- [Task description] From the entries below, return only the lines starting at the one that contains "Convenios APMU de entretenimiento" and ending at the one that contains "Keystone modulis DELOCK", exactly as they stand.

- [Records]

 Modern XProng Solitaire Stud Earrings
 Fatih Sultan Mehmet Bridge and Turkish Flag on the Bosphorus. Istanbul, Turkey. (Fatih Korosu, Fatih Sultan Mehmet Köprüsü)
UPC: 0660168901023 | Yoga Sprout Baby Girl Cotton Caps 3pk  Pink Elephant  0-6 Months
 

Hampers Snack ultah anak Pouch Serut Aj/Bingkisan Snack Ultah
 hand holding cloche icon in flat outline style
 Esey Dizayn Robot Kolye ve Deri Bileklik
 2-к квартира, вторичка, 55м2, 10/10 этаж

...

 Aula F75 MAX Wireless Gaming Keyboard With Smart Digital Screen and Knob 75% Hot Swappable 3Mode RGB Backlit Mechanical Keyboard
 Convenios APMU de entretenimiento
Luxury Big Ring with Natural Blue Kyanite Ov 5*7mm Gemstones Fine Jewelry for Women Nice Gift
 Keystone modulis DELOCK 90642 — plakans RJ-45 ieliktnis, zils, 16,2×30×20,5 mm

- [Result of this exercise]
 Convenios APMU de entretenimiento
Luxury Big Ring with Natural Blue Kyanite Ov 5*7mm Gemstones Fine Jewelry for Women Nice Gift
 Keystone modulis DELOCK 90642 — plakans RJ-45 ieliktnis, zils, 16,2×30×20,5 mm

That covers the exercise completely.